== EXERCISE DESCRIPTION ==
The output should match, line for line, the records from the line containing "Abstract image of" through the line containing "Fototapeta Two joyful", with every picture left out.

== DATA IN THIS EXERCISE ==
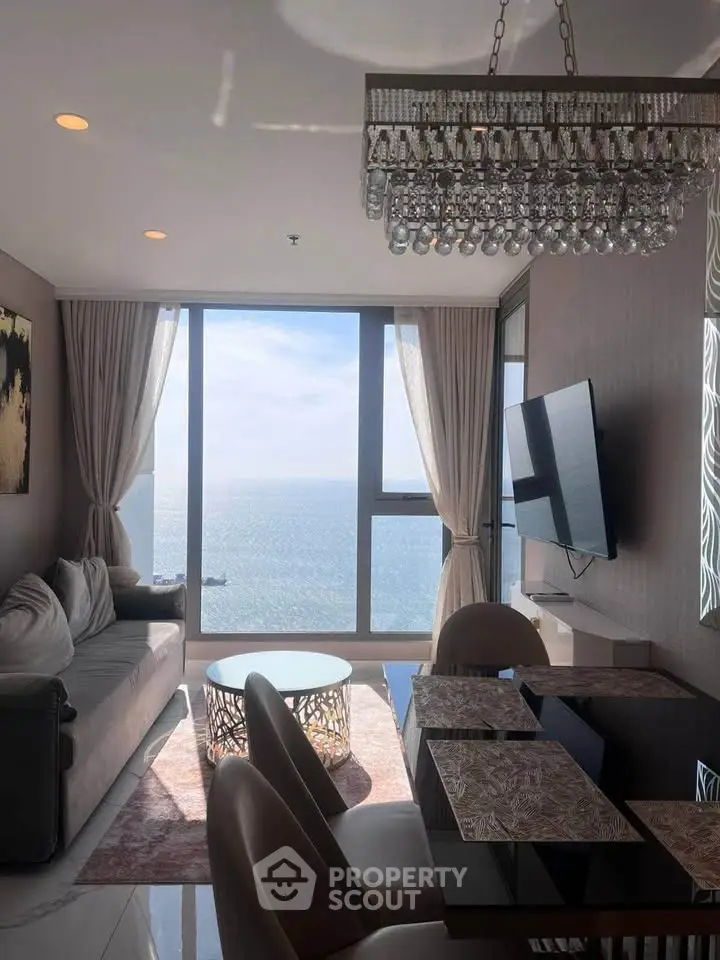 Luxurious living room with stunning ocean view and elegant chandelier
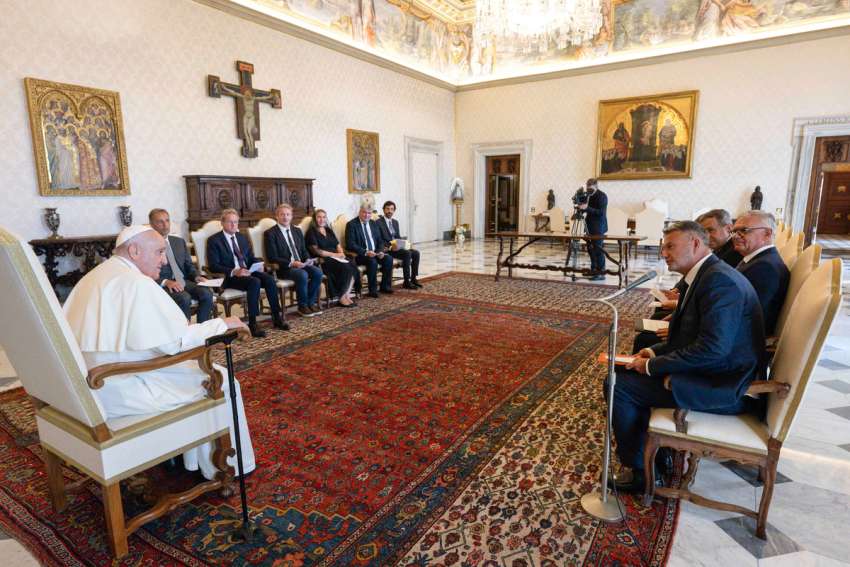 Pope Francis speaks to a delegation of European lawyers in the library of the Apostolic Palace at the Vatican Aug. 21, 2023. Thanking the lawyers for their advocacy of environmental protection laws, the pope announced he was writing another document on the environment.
...
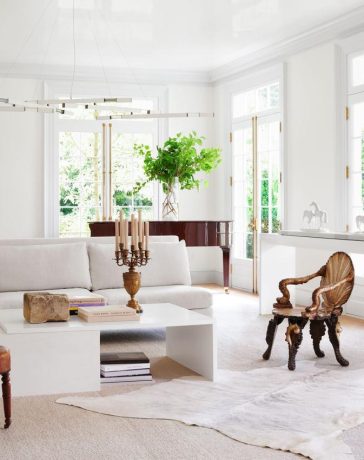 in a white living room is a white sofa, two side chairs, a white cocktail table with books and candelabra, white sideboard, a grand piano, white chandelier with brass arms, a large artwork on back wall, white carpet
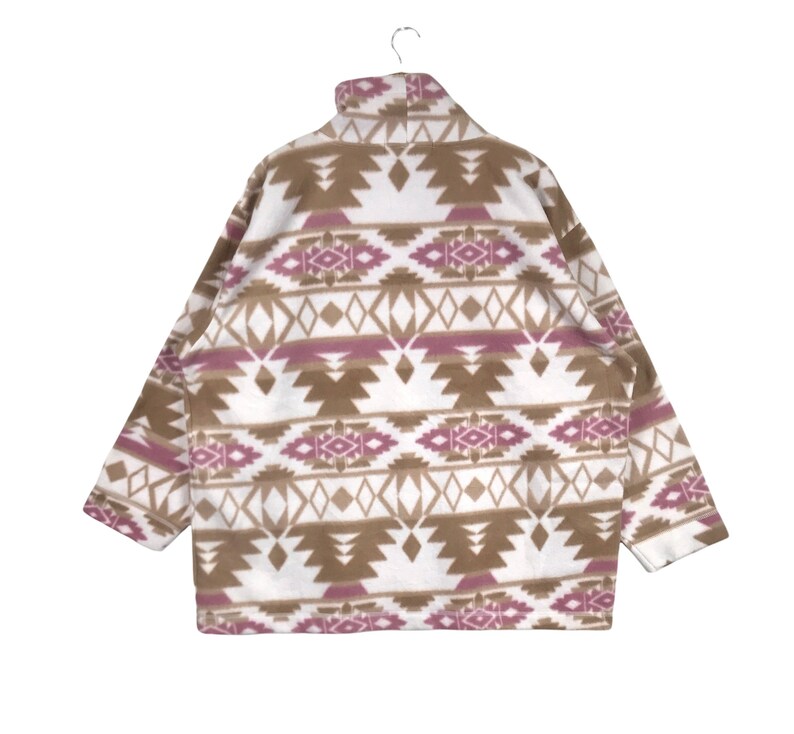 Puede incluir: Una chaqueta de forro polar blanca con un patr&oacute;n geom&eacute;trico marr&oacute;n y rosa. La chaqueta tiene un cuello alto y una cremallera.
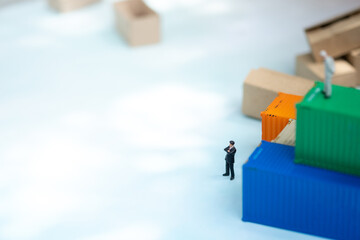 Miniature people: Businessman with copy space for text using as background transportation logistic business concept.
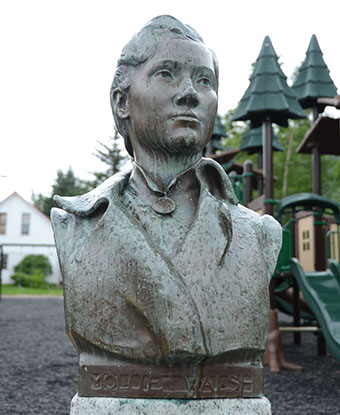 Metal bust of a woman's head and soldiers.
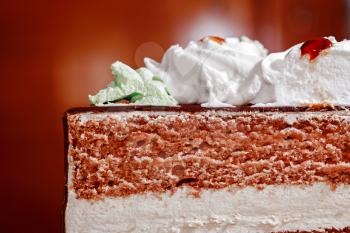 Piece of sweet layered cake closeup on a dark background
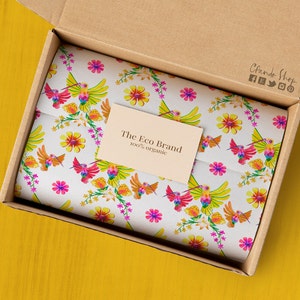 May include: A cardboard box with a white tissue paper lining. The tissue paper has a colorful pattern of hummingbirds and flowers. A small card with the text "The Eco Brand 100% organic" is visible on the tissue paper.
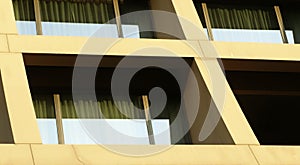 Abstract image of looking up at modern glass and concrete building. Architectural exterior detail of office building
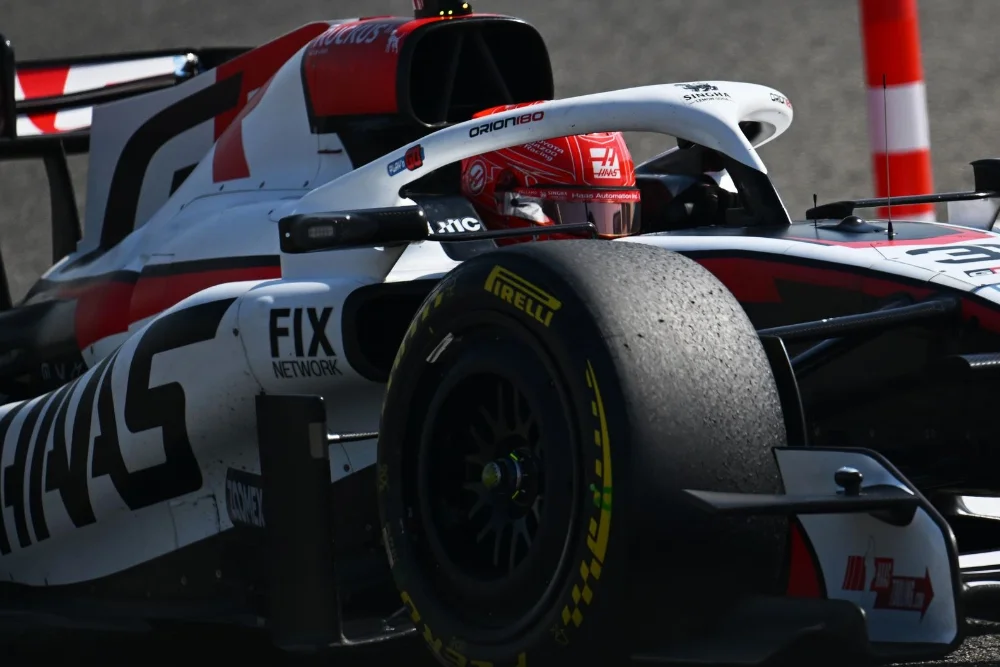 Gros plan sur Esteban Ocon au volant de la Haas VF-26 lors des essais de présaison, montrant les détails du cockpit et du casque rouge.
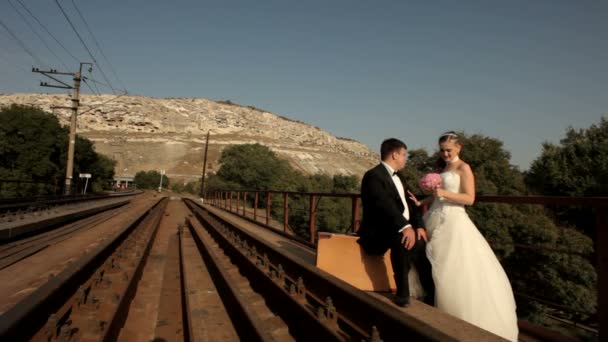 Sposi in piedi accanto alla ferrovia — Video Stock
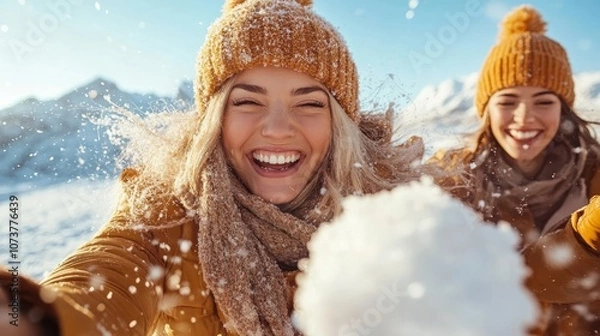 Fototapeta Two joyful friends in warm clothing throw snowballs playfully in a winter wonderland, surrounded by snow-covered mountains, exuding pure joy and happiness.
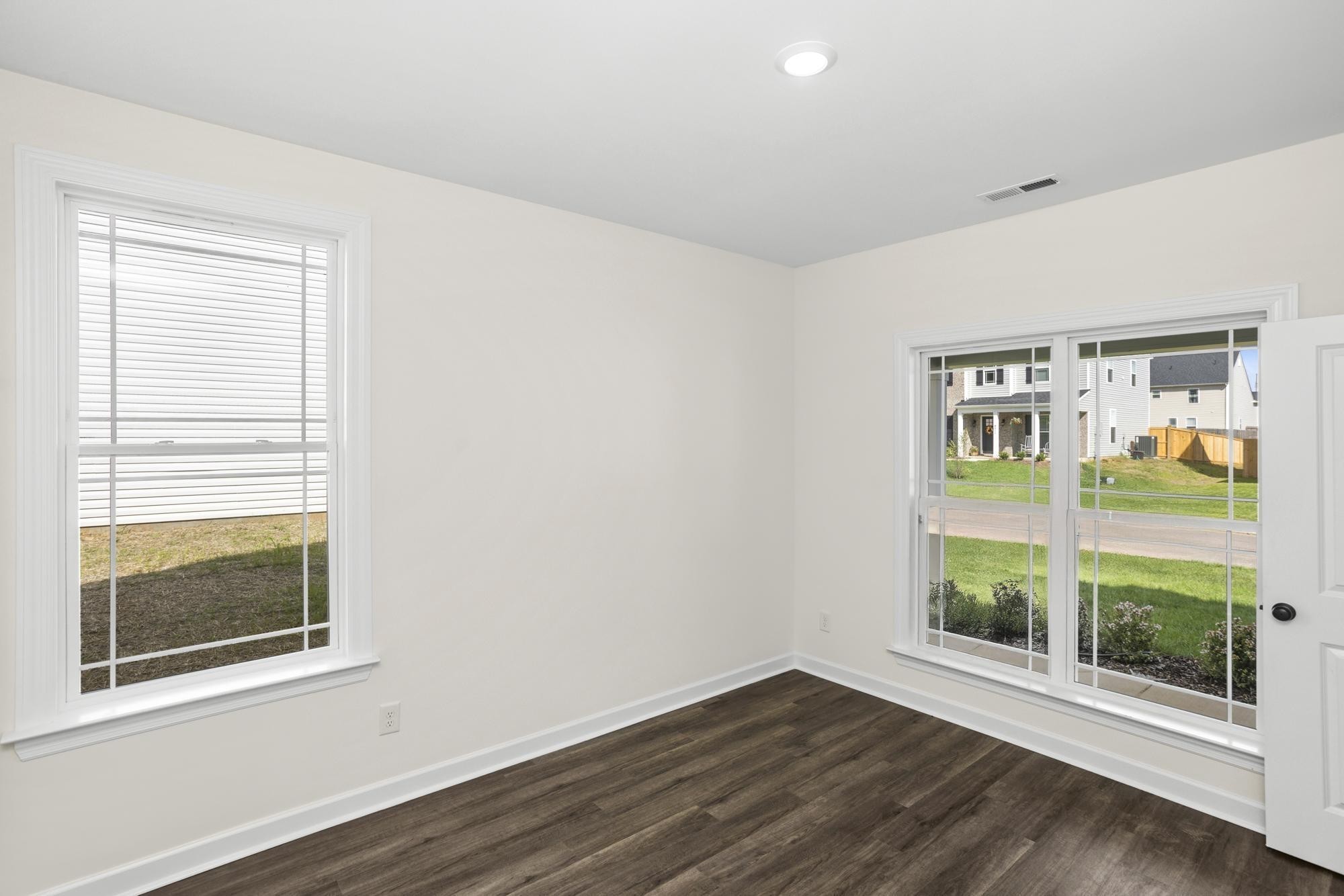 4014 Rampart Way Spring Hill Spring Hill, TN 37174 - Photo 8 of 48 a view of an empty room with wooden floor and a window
* * *
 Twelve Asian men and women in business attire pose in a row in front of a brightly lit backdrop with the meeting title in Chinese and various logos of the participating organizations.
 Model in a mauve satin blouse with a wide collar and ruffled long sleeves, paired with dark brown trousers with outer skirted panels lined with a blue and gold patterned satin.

== FINISHED TASK ==
 Abstract image of looking up at modern glass and concrete building. Architectural exterior detail of office building
 Gros plan sur Esteban Ocon au volant de la Haas VF-26 lors des essais de présaison, montrant les détails du cockpit et du casque rouge.
 Sposi in piedi accanto alla ferrovia — Video Stock
 Fototapeta Two joyful friends in warm clothing throw snowballs playfully in a winter wonderland, surrounded by snow-covered mountains, exuding pure joy and happiness.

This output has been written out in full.